John Force: New sponsor, car, crew chief in 2015 — ‘We’ll be a contender, I give you my word on that’

His car says PEAK and Chevrolet now, but that’s still John Force behind the wheel as he prepares for the 2015 NHRA season. (Photo courtesy John Force Racing)

You’ve heard the old baseball axiom about you can’t tell the players without a scorecard?

Well, that’s kind of how it’s going to be for many fans of 16-time NHRA Funny Car champ John Force in 2015, at least early on in the season.

For the first time in 30 years, Force will not be carrying the green, silver and white Castrol Oil banner on the side of his Funny Car.

Instead, for most of this year’s 24 NHRA national events, Force will be behind the wheel of a car carrying the bright blue banner of PEAK Anti-Freeze and lubricants.

But wait, there’s more changes in the Force camp.

For the first time in nearly 20 years, Force will be driving a Chevrolet Camaro body instead of a Ford Mustang body.

Thankfully, Force himself hasn’t changed. He’s still one of the most colorful, charismatic and fan-friendly drivers not only in the sport, but in all forms of sport.

“We’re in a tough economy, but corporate America, the world is out there starting to realize let’s rebuild America, and John Force, I’m going to help rebuild drag racing,” Force said in a recent NHRA teleconference. “I think we have a great product in NHRA. I think the leaders at the top are trying to get us to build this sport to the next level. We’ve got a lot of work, all of us to do, and if we work together, we’ll get there.
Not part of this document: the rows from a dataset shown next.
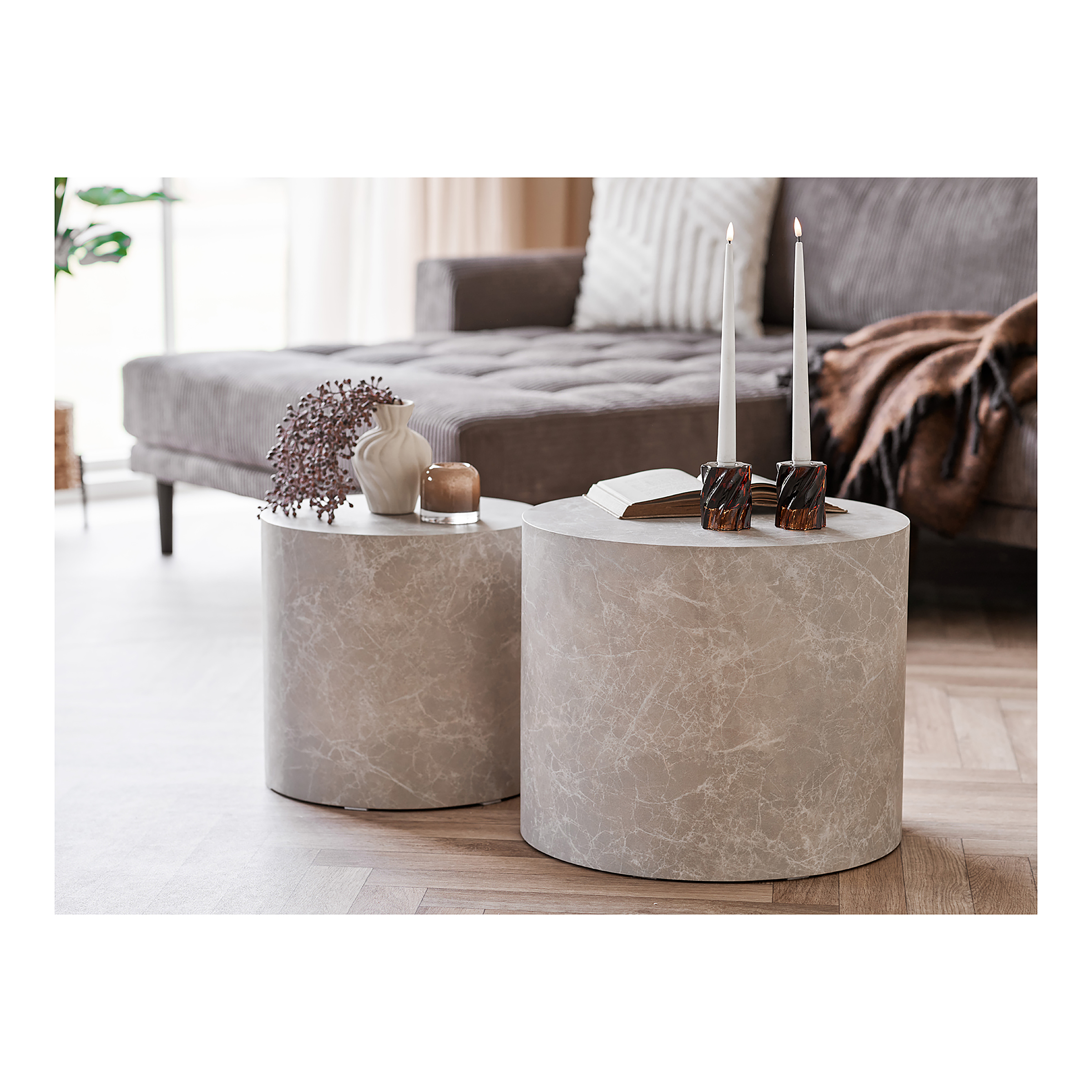 2x Couchtisch Altizer Rund Marmor Beige Dekor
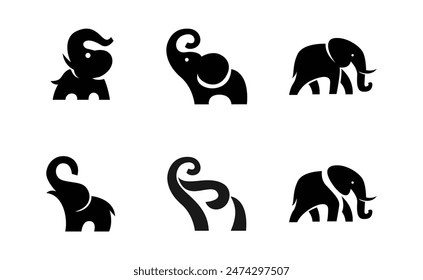 Elephant Logo. African indian Wildlife Elephant Logo Icon Vector Illustration design template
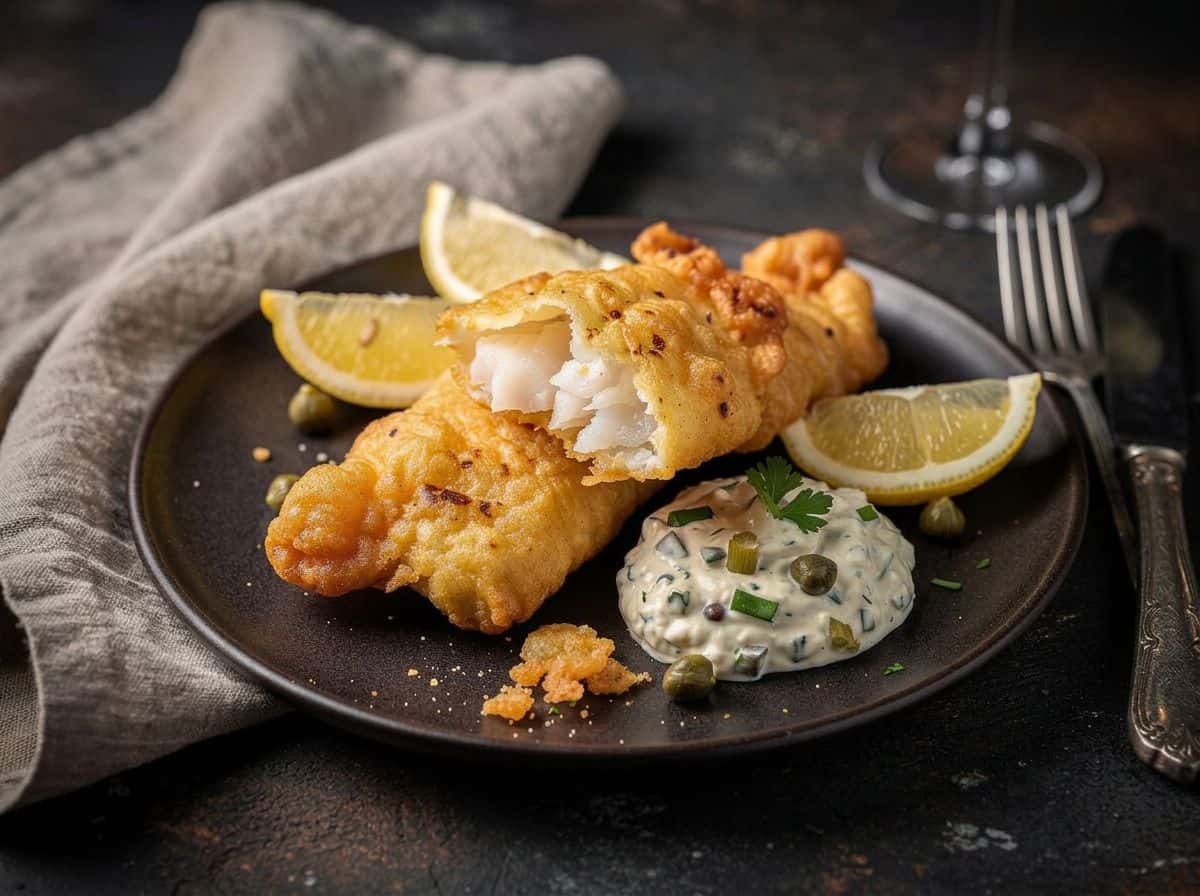 Backfisch im Bierteig mit Remoulade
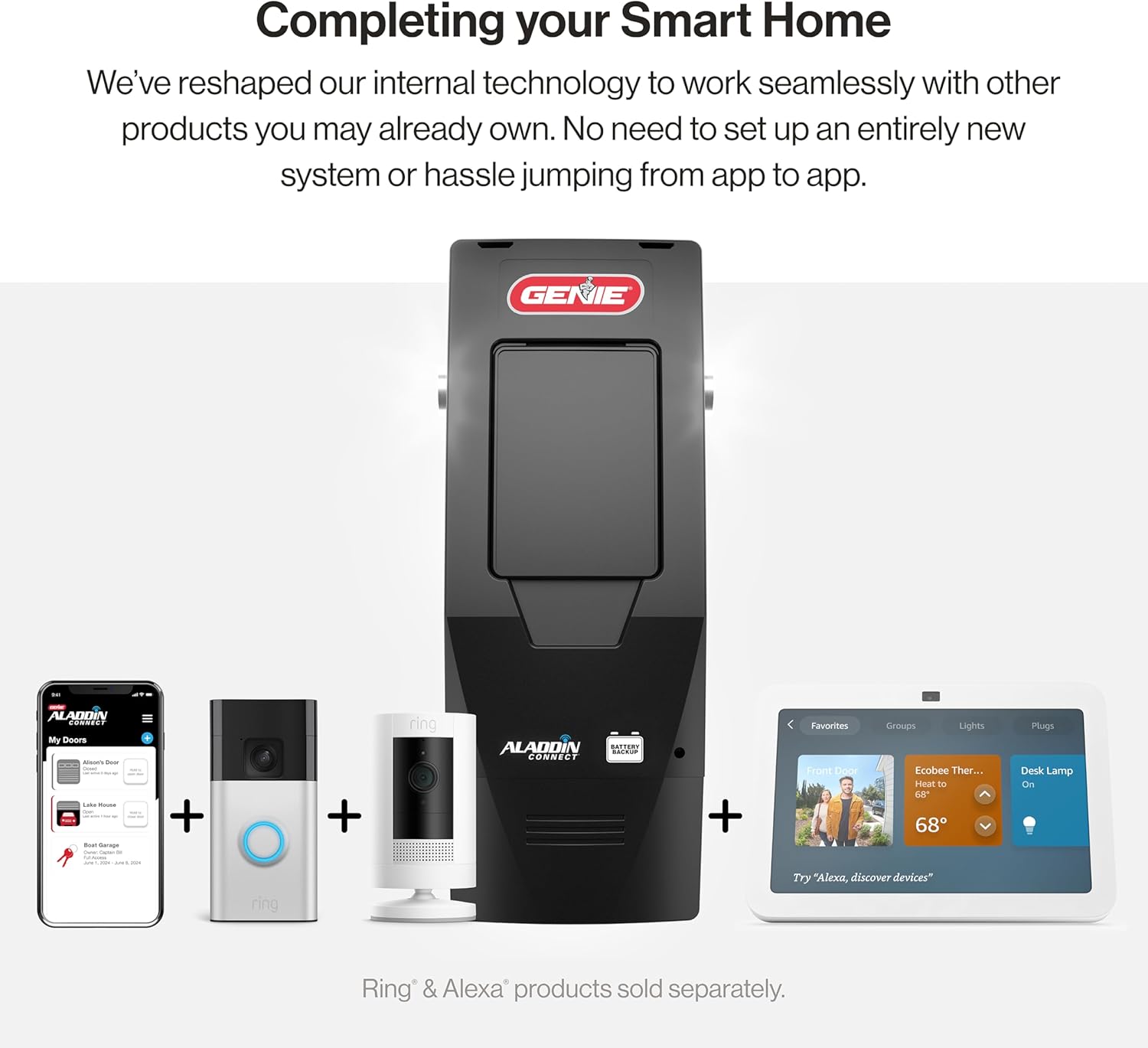 Alternative view of Genie Wall Mount Smart Garage Door Opener, DC Motor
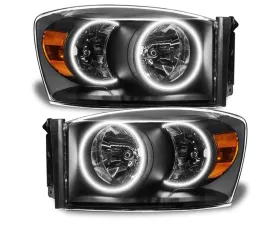 Oracle Lighting Pre-Assembled LED Halo Headlights Kit (HID Style) White Color SMD HL - Black Dodge Ram 2007-2008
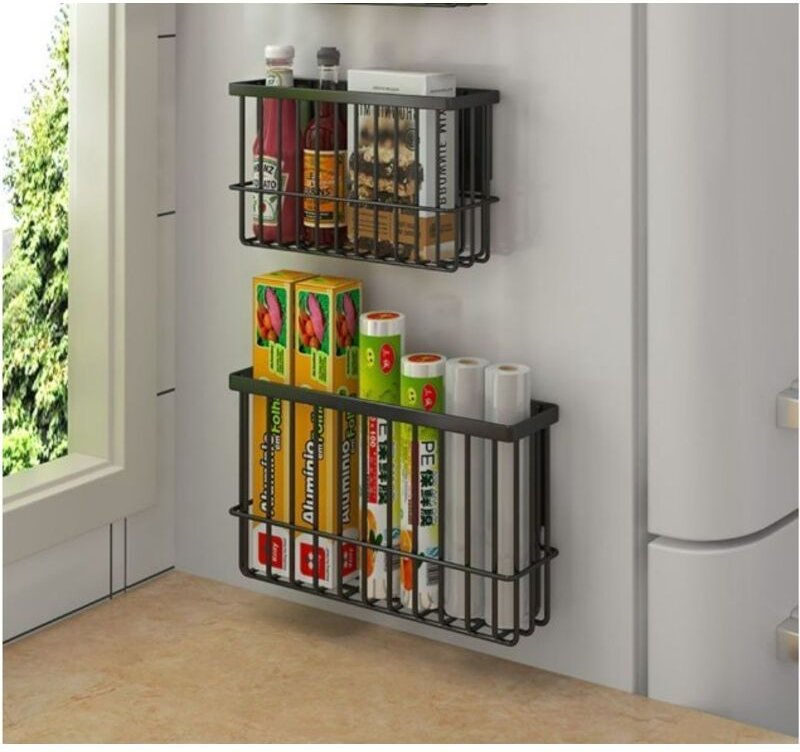 Gabrielle - 2 Stück magnetisches Kühlschrank-Aufbewahrungsregal, multifunktionales magnetisches Frischhaltebeutel-Aufbew...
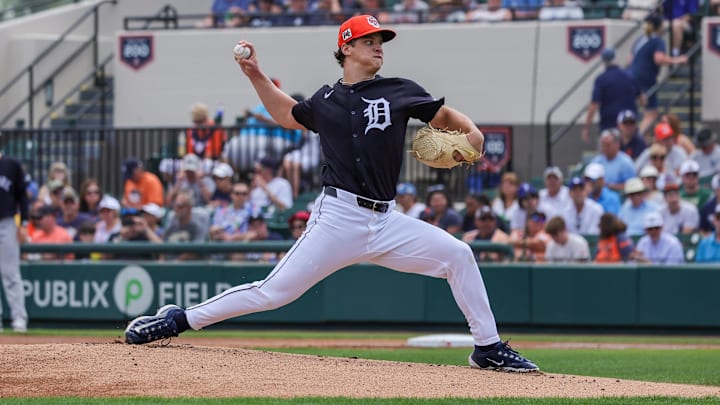Mar 13, 2025; Lakeland, Florida, USA; Detroit Tigers pitcher Jackson Jobe (21) pitches during the first inning against the New York Yankees at Publix Field at Joker Marchant Stadium. Mar 13, 2025; Lakeland, Florida, USA; Detroit Tigers pitcher Jackson Jobe (21) pitches during the first inning against the New York Yankees at Publix Field at Joker Marchant Stadium.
“I think Pomona (the season-opening Winternationals this weekend in Pomona, Calif.) is going to be a home run. I know how the fans are reacting to me coming back in the Chevrolet, and with PEAK Antifreeze, so bring it on. Bring on Hagan (defending Funny Car champ Matt Hagan). I’m ready for you, kid.”

source: Getty Images

Force is closing in on his fourth decade of Funny Car racing. He’ll be 66 on May 4, but has no plans of retiring – or even scaling back to a part-time schedule.

“Driving is what I really do,” Force said. “The rest of this stuff, it’s the day to day business that will wear and tear you. When I got to testing, everybody said my personality changed, because you get back into what you really love, and that’s driving a race car on the NHRA circuit.

“I can’t wait to get to the Winternationals. I’m excited because driving that car is I’m good at it. It’s not like they told me Jeff Gordon, I did some interviews that he’s going to be retiring, and boy, I’ve probably got 25 years on him. But retiring is not an option to me. I love what I do. I’m still good at it.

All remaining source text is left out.